Como nosotros solemos distinguir entre la política y la religión o la espiritualidad, nos parece que los antiguos mezclaban dos cosas claramente distintas.  Pero ellos, claro está, nos acusarían a nosotros de lo contrario: de separar lo inseparable.  Para ellos el mundo espiritual y el mundo político eran una misma cosa, sin fisuras ni distinciones.  Era más que obvio que las estrellas y los planetas, los dioses y los demonios, influían en la vida de los hombres.  Era imposible dudar, entonces, de que nadie podría ejercer ningún poder real en el mundo político sin gozar de alguna cualidad espiritual o divina que le otorgase tal capacidad.  Esa cualidad podía venir por la sangre noble o por las conjunciones astrales del momento de su nacimiento.  Sin embargo era evidente que a la vez esa cualidad divina propia del poder residía en el cargo mismo, de manera que un hombre perfectamente normal, al acceder a un cargo poderoso, era transformado por la espiritualidad del poder en un ser poderoso él mismo, comparable a los demonios y dioses en su capacidad de influir sobre las vidas de los hombres.

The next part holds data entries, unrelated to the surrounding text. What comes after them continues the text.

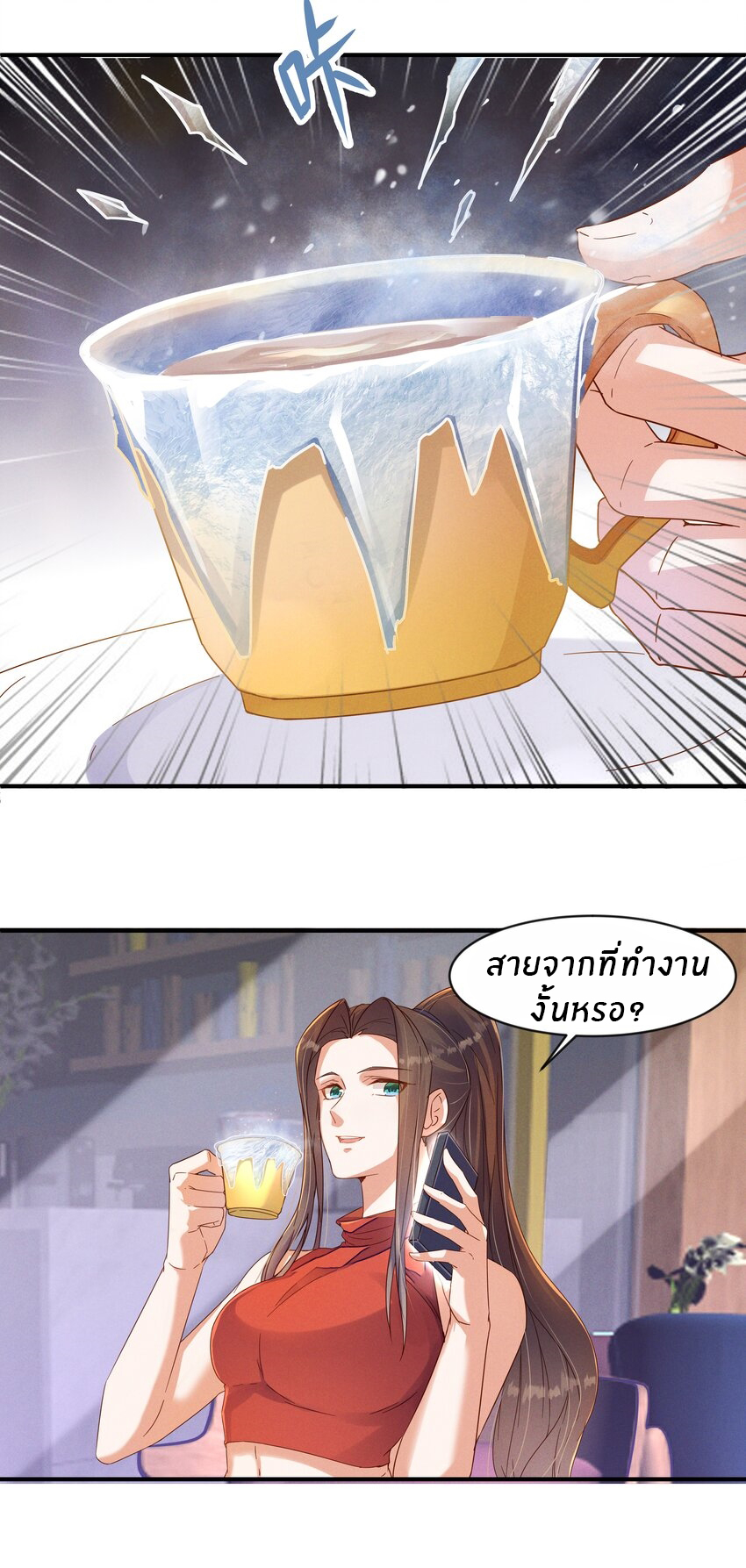 Orange Meteor ตอนที่ 4 หน้า 41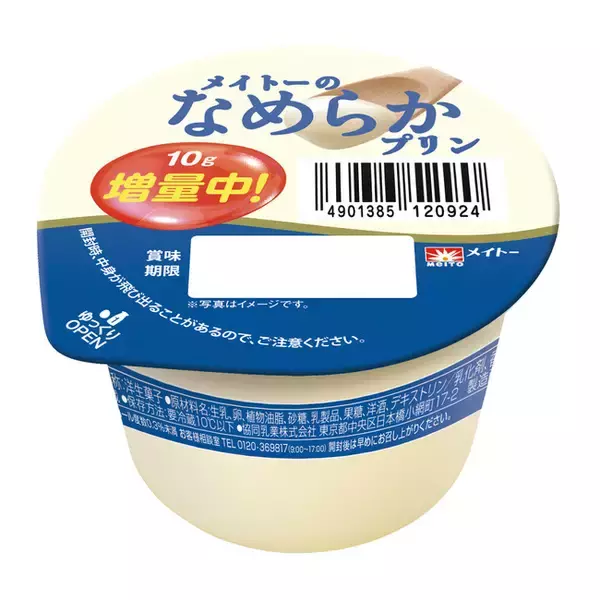 「コンビニ限定！濃厚な味わいが自慢のなめプリが増量して登場！ 『メイトーのなめらかプリン』が増量して期間限定発売！」の画像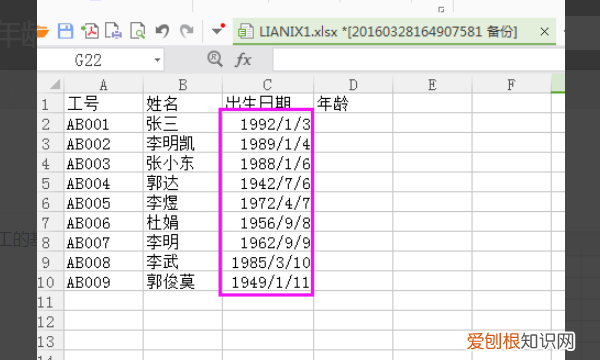 Excel如何算年龄,如何用excel计算平均值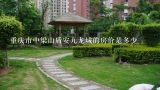 重庆市中梁山盾安九龙城的房价是多少,重庆中梁山的房价多少？
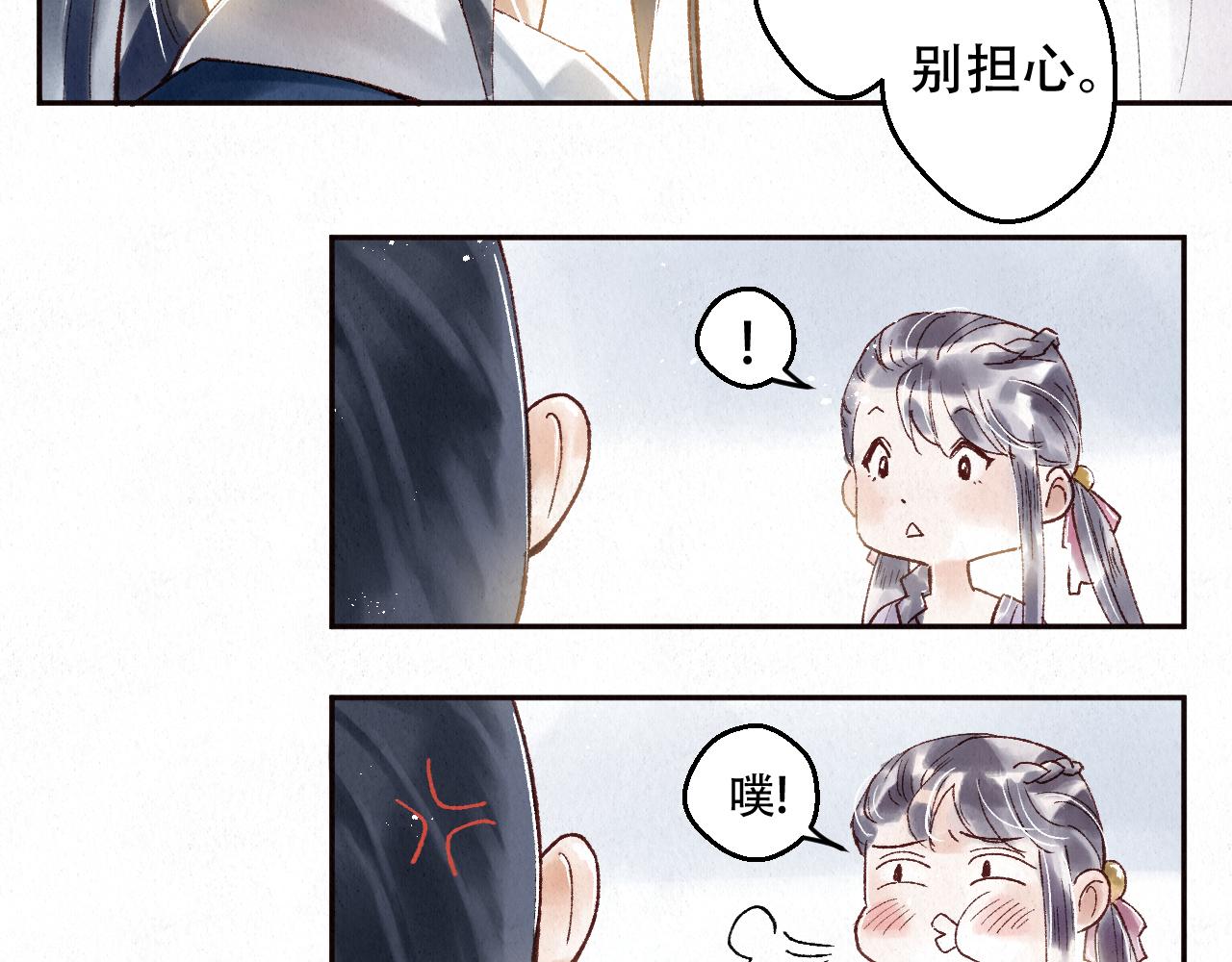 重生妖 - 第三話 去人間界吧!(下)(1/4) - 8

IV.  El destino de los poderes y las potestades

1.  ¿Guerra espiritual?

Una de las propuestas que se han hecho en las últimas décadas respecto a cómo los cristianos han de incidir en la política afectando directamente a los «poderes y potestades» espirituales y su influencia sobre la humanidad, es lo que se viene en llamar la guerra espiritual.  Los que promueven estas ideas han escrito un buen número de libros, muchos de ellos traducidos al castellano por las editoriales evangélicas de Miami.

Según ellos las ciudades y las naciones están regidas por el demonio particular del lugar.  En resumidas cuentas, se adhieren a la creencia pagana en una diversidad de dioses, donde cada dios defiende los intereses del lugar que ha elegido y le da a ese pueblo su carácter particular: marcial, pacífico, intelectual, comerciante, etc.  Los políticos siempre acabarán realizando la voluntad del dios de la entidad política que gobiernan.  (Los defensores del concepto de guerra espiritual, al ser cristianos, no los llaman dioses sino demonios, porque no quieren negar que haya un solo Dios; parecen ignorar que en griego las palabras dios y demonio son sinónimos perfectamente intercambiables entre sí.)  Ellos proponen, entonces, una serie de disciplinas espirituales, principalmente la «oración de guerra», que sirven para «atar al hombre fuerte» y que, cuando se realizan correctamente, dan lugar a lo que ellos llaman «avivamiento», o sea conversiones en masa al cristianismo evangélico.

He leído un buen número de libros que defienden estos conceptos y tengo que decir que en general me han dejado profundamente decepcionado.

Aunque la idea de combatir contra el demonio de una ciudad o una nación puede parecer esperanzador en cuanto a la renovación política del lugar, el caso es que el interés de estos autores rara vez va más allá del proselitismo evangélico.  Parecen dar por sentado —pre­cisamente por el hecho de que no dicen nada al respecto— que una vez vencida la hostilidad de las autoridades y convertida al evangelio una mayoría de la población, la justicia y la prosperidad vendrán automáticamente sin la necesidad de adoptar ninguna política concreta.  En realidad, al leer con atención las cosas que critican en la sociedad, y las cosas que callan, está claro que la gran mayoría de los que defienden el concepto de guerra espiritual mantienen convicciones políticas de extrema derecha muy próximas al fascismo, y plagadas de un ferviente nacionalismo estadounidense.  Lo que nos ofrecen viene a ser, me parece a mí, una versión evangélica de la intolerancia y la prepotencia, el conformismo social y el temor al castigo eterno, con que los curas siempre han mantenido sumiso al pueblo español.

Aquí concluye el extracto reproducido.